What to work on:
Reproduce exactly the opening lines of the listing, stopping after the line that contains "skinceuticals ha intensifier" and including it.

━━ Exercise input ━━

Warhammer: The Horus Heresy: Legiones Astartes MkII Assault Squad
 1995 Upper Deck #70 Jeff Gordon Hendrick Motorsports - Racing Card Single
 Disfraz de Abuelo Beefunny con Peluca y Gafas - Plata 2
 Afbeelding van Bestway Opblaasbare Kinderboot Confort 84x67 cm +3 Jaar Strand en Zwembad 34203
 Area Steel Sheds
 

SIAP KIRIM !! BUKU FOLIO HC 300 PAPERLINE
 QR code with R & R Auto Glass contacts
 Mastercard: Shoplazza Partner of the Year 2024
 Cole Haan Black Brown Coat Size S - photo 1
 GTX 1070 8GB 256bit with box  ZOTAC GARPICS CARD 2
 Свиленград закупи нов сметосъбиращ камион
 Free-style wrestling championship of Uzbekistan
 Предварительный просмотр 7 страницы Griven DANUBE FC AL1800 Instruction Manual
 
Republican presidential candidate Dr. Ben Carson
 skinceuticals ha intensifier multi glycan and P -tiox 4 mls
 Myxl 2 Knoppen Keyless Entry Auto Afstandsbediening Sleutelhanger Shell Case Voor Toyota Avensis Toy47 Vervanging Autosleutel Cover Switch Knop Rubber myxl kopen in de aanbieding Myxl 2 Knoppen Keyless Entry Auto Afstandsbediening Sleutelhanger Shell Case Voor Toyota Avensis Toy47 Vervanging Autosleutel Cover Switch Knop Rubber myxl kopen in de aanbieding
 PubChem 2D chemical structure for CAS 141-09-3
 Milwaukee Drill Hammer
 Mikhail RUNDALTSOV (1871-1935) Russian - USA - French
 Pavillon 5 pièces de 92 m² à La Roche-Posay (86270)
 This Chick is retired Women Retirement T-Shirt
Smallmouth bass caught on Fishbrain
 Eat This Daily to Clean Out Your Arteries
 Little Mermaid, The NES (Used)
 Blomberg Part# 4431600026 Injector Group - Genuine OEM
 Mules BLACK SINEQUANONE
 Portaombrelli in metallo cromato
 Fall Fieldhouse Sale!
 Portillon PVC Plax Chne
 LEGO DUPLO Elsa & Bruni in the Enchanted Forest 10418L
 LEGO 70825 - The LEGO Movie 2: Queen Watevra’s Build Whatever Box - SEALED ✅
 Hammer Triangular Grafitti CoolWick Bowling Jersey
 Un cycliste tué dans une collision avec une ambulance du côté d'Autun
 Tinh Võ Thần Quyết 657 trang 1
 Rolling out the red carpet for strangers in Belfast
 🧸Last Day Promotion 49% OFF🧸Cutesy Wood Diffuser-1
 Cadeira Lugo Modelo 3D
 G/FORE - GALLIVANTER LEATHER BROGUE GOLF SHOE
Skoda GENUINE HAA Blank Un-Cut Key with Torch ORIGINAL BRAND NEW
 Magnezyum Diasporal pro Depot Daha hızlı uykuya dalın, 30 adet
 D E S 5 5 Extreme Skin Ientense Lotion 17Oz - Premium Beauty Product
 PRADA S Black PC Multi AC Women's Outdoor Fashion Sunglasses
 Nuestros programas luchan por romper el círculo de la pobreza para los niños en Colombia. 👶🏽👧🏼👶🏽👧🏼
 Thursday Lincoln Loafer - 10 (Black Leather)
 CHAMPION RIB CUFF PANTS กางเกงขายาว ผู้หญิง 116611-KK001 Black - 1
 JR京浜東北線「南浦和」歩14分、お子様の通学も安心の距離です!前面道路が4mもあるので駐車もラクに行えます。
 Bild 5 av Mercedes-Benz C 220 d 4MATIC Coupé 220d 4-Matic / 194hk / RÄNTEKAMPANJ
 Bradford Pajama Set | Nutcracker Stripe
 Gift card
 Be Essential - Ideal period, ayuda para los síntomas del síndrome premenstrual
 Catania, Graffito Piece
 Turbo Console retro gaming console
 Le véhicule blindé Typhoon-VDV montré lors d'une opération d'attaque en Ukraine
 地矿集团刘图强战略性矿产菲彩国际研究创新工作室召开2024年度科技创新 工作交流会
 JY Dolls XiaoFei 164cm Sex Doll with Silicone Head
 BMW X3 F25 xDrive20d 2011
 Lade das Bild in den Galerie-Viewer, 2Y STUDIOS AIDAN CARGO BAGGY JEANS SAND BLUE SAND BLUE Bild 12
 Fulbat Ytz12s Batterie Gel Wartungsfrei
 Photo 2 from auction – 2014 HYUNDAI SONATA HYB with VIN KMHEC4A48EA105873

━━━

Task solution:
Warhammer: The Horus Heresy: Legiones Astartes MkII Assault Squad
 1995 Upper Deck #70 Jeff Gordon Hendrick Motorsports - Racing Card Single
 Disfraz de Abuelo Beefunny con Peluca y Gafas - Plata 2
 Afbeelding van Bestway Opblaasbare Kinderboot Confort 84x67 cm +3 Jaar Strand en Zwembad 34203
 Area Steel Sheds
 

SIAP KIRIM !! BUKU FOLIO HC 300 PAPERLINE
 QR code with R & R Auto Glass contacts
 Mastercard: Shoplazza Partner of the Year 2024
 Cole Haan Black Brown Coat Size S - photo 1
 GTX 1070 8GB 256bit with box  ZOTAC GARPICS CARD 2
 Свиленград закупи нов сметосъбиращ камион
 Free-style wrestling championship of Uzbekistan
 Предварительный просмотр 7 страницы Griven DANUBE FC AL1800 Instruction Manual
 
Republican presidential candidate Dr. Ben Carson
 skinceuticals ha intensifier multi glycan and P -tiox 4 mls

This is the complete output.